Exercise requirements:
Everything in the records below from the line containing "Agentes de antidisturbios" through the line containing "ninahtx online show from 09/15/25, 08:42" is to be reproduced exactly, those two lines included; no picture is to be copied.

** Opening Provided records block **

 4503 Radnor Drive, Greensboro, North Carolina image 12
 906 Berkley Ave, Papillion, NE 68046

** Closing Provided records block **
** Opening Provided records block **

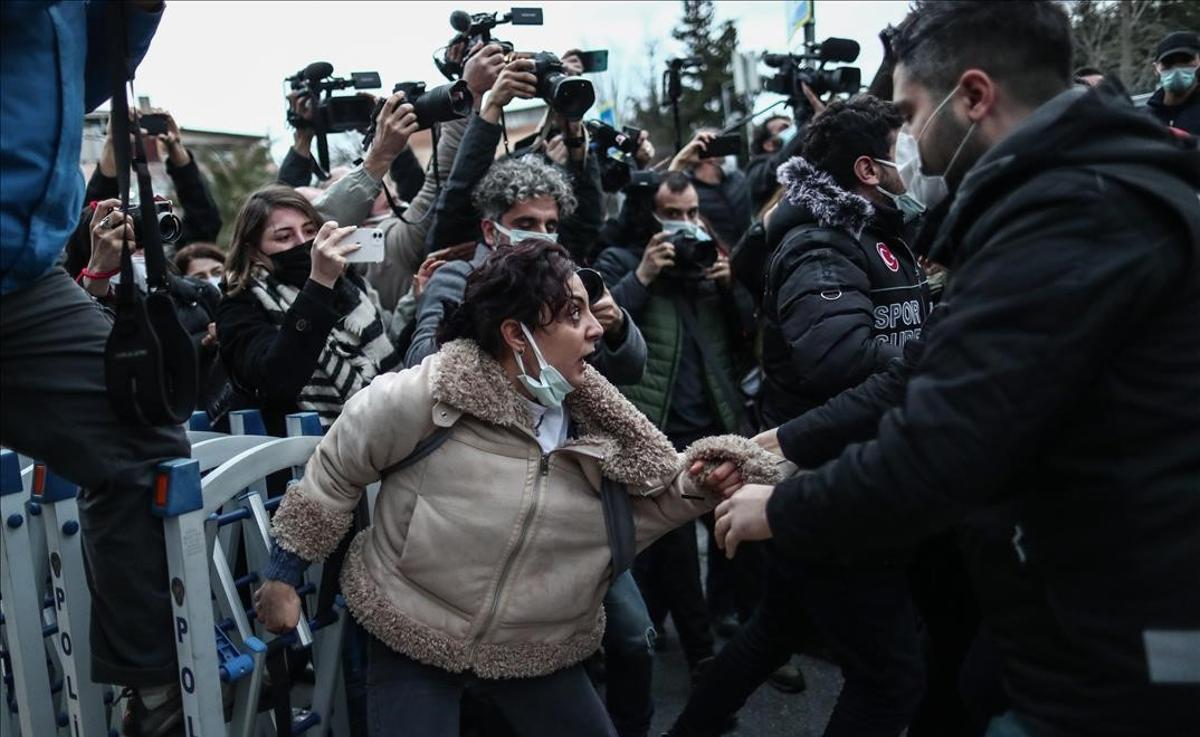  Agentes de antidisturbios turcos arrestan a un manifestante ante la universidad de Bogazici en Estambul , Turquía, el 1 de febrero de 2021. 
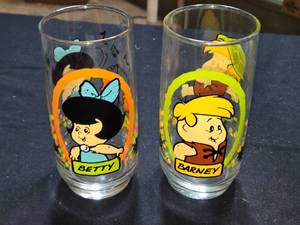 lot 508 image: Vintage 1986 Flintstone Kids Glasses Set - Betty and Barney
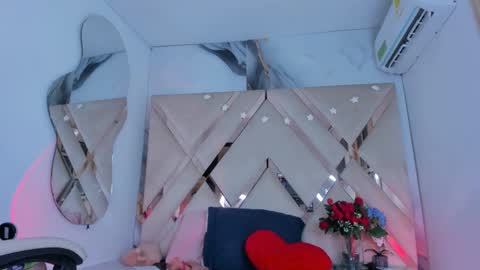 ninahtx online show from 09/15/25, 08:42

** Closing Provided records block **
** Opening Provided records block **

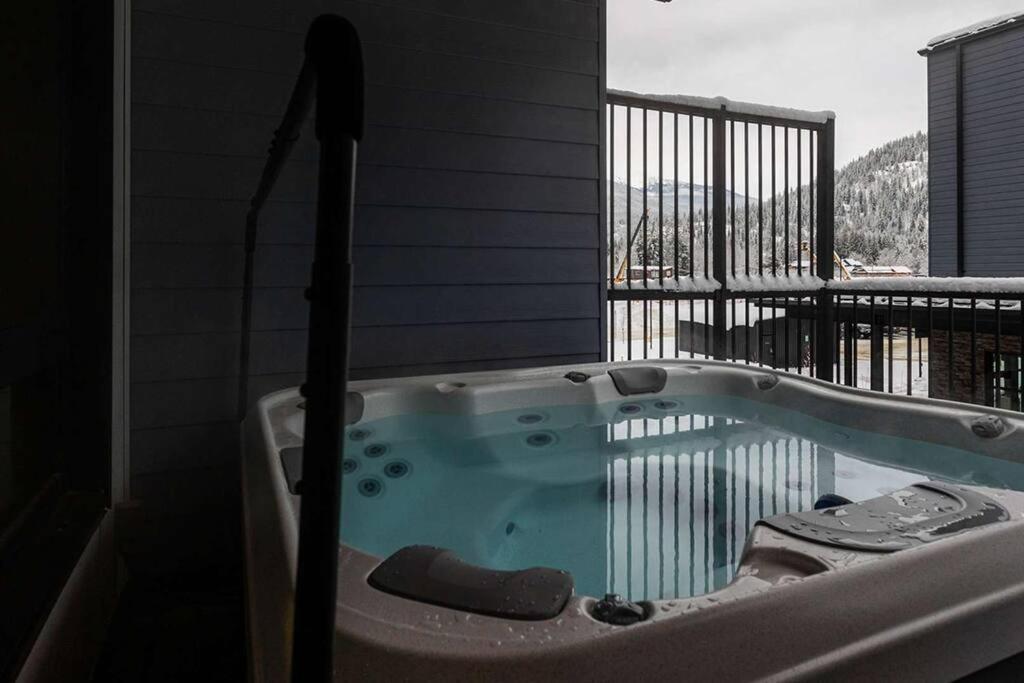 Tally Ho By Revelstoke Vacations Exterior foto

** Closing Provided records block **

Answer space:
  Agentes de antidisturbios turcos arrestan a un manifestante ante la universidad de Bogazici en Estambul , Turquía, el 1 de febrero de 2021. 
 lot 508 image: Vintage 1986 Flintstone Kids Glasses Set - Betty and Barney
 ninahtx online show from 09/15/25, 08:42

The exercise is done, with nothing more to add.